Ok, so this seems to look better!

plt.plot(trace2['tau_log__'], alpha=0.6)
plt.axvline(5000, color="r")
<matplotlib.lines.Line2D at 0x11af00dd8>

png

And the effective number of iterations hs improved as well:

pm.diagnostics.gelman_rubin(trace2), pm.diagnostics.effective_n(trace2)
({'mu': 0.99995806128958298,
  'nu': array([ 0.99993023,  0.99996187,  0.99990919,  0.99990459,  0.99998409,
          0.99995408,  1.00013553,  0.99990075]),
  'tau': 0.99993259236404675,
  'theta': array([ 1.00004779,  0.99994164,  1.00004808,  1.00011865,  0.99994786,
          0.9999015 ,  1.00047802,  1.00001387])},
 {'mu': 9280.6251483004617,
  'nu': array([ 10770.38175948,  12623.66312606,  11384.27914234,  12046.79074917,
          12065.54866653,  10954.54277482,   9123.17804143,  13758.23797319]),
  'tau': 7236.9207149620033,
  'theta': array([  9263.54322197,  10923.36483198,   8794.22403058,  10975.02444636,
          10236.67380755,  10498.88707531,   9862.67339945,  10221.6865905 ])})
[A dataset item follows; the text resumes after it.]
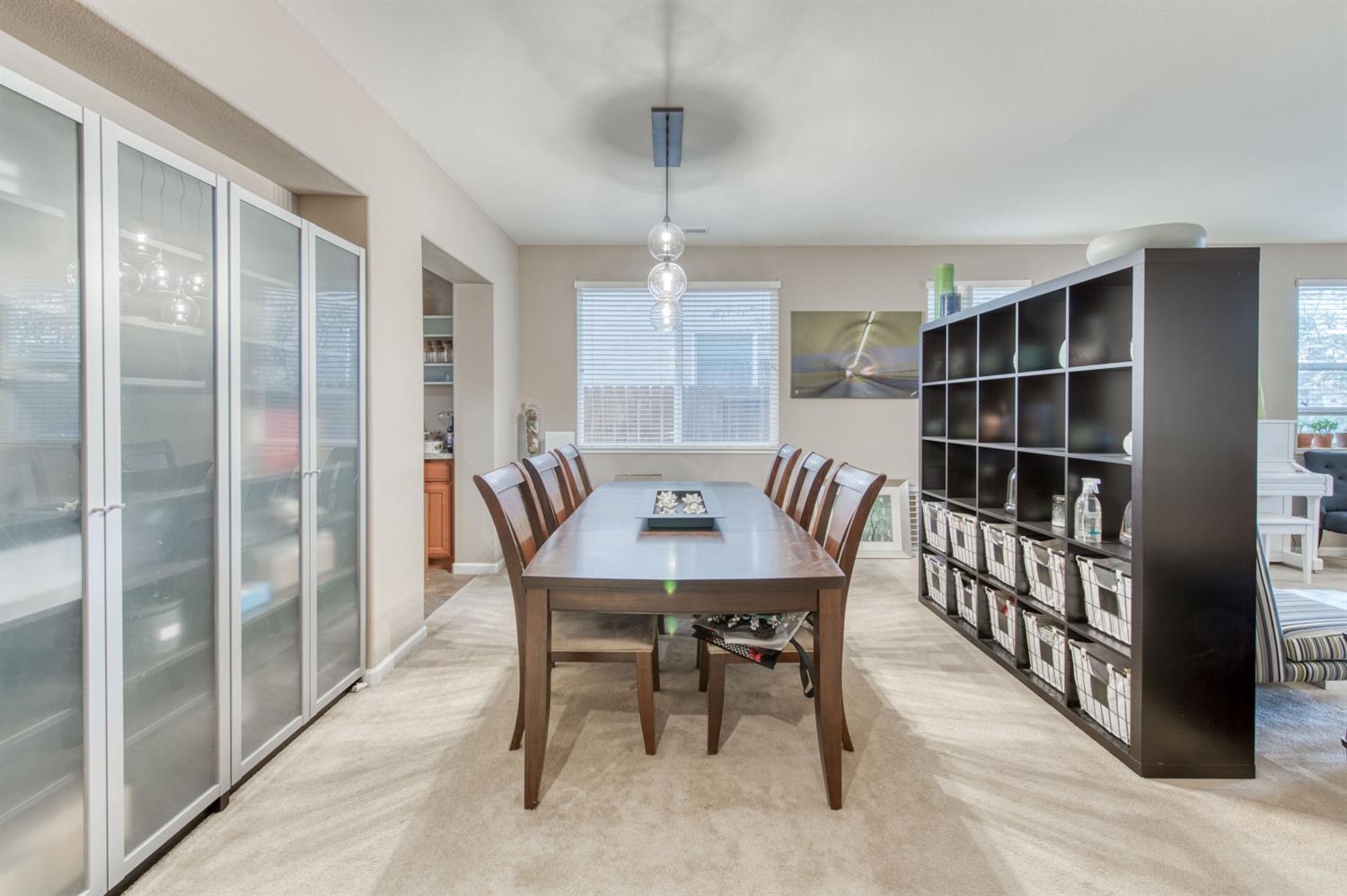 677 Everglade Avenue Clovis, CA 93619 - Photo 10 of 29 a view of a dining room with furniture window and wooden floor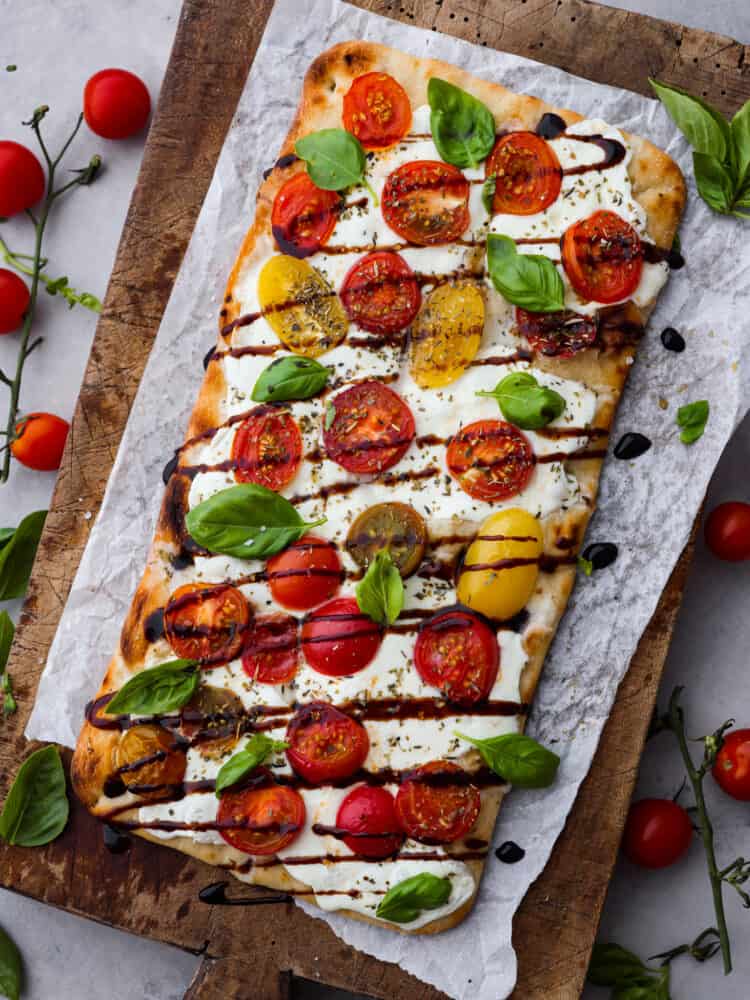 A full caprese flatbread on parchment paper.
And we reach the true value better as the number of samples increases, decreasing our bias

# plot the estimate for the mean of log(τ) cumulating mean
logtau = trace2['tau_log__']
mlogtau = [np.mean(logtau[:i]) for i in np.arange(1, len(logtau))]
plt.figure(figsize=(15, 4))
plt.axhline(0.7657852, lw=2.5, color='gray')
plt.plot(mlogtau, lw=2.5)
plt.ylim(0, 2)
plt.xlabel('Iteration')
plt.ylabel('MCMC mean of log(tau)')
plt.title('MCMC estimation of cumsum log(tau)')
Text(0.5, 1.0, 'MCMC estimation of cumsum log(tau)')

png

How about our divergences? They have decreased too.

divergent = trace2['diverging']
print('Number of Divergent %d' % divergent.nonzero()[0].size)
divperc = divergent.nonzero()[0].size/len(trace2)
print('Percentage of Divergent %.5f' % divperc)
Number of Divergent 4
Percentage of Divergent 0.00080
theta_trace = trace2['theta']
theta0 = theta_trace[:, 0]
plt.figure(figsize=(10, 6))
plt.scatter(theta0[divergent == 0], logtau[divergent == 0], color='r', s=10, alpha=0.05)
plt.scatter(theta0[divergent == 1], logtau[divergent == 1], color='g', s=20, alpha=0.9)
plt.axis([-20, 50, -6, 4])
plt.ylabel('log(tau)')
plt.xlabel('theta[0]')
plt.title('scatter plot between log(tau) and theta[0]')
plt.show()

png

Look how much longer the funnel actually is. And we have explored this much better.

theta01 = trace1['theta'][:, 0]
logtau1 = trace1['tau_log__']

theta02 = trace2['theta'][:, 0]
logtau2 = trace2['tau_log__']


plt.figure(figsize=(10, 6))
plt.scatter(theta01, logtau1, alpha=.05, color="b", label="original", s=10)
plt.scatter(theta02, logtau2, alpha=.05, color="r", label='reparametrized', s=10)
plt.axis([-20, 50, -6, 4])
plt.ylabel('log(tau)')
plt.xlabel('theta[0]')
plt.title('scatter plot between log(tau) and theta[0]')
plt.legend()

<matplotlib.legend.Legend at 0x116002860>

png

It may not be possible in all models to achieve this sort of decoupling. In that case, Riemannian HMC, where we generalize the mass matrix to depend upon position, explicitly tackling high-curvature, can help.